さて、主人公がこのような犯罪を行うきっかけとなった女性の存在理由が私にはいまひとつ解らない。不良に暴行されそうになっている彼女を助けた主人公は、彼女から信頼され家へ上り込む。暑い夏の夜、窓を開けたまま眠る彼女を盗み見て、部屋へ侵入できることを発見する。最初男は、単に部屋へ侵入するだけだった。彼女の寝顔を見るだけで、彼女を犯すことはしなかった。何故か?彼女に純愛のような気持ちを抱いていたからか?それならば何故、1~2度彼女の部屋へ侵入するだけで終わるのか?イエジー・スコリモフスキ監督の『アンナと過ごした4日間』のように執拗に侵入し、彼女の寝顔を見たり、身の回りの物に触ったり(体には触れずに)といった描写が何故なかったのか(後半は全く出番が無い)?むしろ何度もその体を犯し、その後に家事をしてやっていた「子宮の女」の方に愛情があったのではないか?この女性が単に一連の事件のきっかけを作っただけの存在だとしたら、人気絶頂のアイドルであるMIE(ピンクレディー解散直後の)を起用する必要があっただろうか?
最後にMIE演じる女性のルームメイトである謎の女の存在がある。彼女こそ実は本作で一番のキー・ポイントだと思っている。何故なら彼女が男を「水のないプール」に誘うからだ。彼女と会ったことで男の中の“何か”が目覚めたのだ。男の行為がエスカレートする度に描写される水のないプールのシーン、そこには必ずこの女の存在がある。まるで男を悪夢の世界へ誘う夢先案内人であるかのように・・・。

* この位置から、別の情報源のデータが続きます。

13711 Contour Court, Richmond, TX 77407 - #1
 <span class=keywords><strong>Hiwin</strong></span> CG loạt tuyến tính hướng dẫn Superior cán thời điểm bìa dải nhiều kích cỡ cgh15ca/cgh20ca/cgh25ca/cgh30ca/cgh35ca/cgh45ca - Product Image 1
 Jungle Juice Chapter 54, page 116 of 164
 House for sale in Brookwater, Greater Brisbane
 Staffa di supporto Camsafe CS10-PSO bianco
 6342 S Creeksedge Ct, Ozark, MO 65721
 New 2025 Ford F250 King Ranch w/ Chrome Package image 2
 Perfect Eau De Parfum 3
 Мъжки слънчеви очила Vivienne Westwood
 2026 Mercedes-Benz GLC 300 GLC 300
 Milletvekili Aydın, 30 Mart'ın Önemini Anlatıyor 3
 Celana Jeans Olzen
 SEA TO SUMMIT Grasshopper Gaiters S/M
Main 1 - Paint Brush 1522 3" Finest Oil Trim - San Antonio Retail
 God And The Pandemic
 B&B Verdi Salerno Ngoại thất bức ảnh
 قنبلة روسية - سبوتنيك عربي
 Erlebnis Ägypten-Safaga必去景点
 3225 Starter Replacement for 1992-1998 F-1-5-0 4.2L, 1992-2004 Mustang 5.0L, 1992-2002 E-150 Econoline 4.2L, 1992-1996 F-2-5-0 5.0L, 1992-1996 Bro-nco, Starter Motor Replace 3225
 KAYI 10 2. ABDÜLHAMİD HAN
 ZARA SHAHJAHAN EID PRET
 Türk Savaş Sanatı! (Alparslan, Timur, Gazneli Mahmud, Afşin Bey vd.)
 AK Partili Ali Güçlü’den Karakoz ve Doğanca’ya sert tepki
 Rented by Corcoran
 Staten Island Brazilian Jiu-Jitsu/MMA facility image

「水のないプール」は何を暗示しているのか?水のないプール→役にたたないもの→無意味な存在→現実では生きられない男。彼を夢の王国に導いた女は、天使か悪魔か?プールサイドでシャボン玉を吹く女、水のないプールの底に寝そべる男。舌を出す不敵な男のアップを最後に物語は終わる。この深遠なラストシーンにショックを受けると共に、妙に胸がざわついた。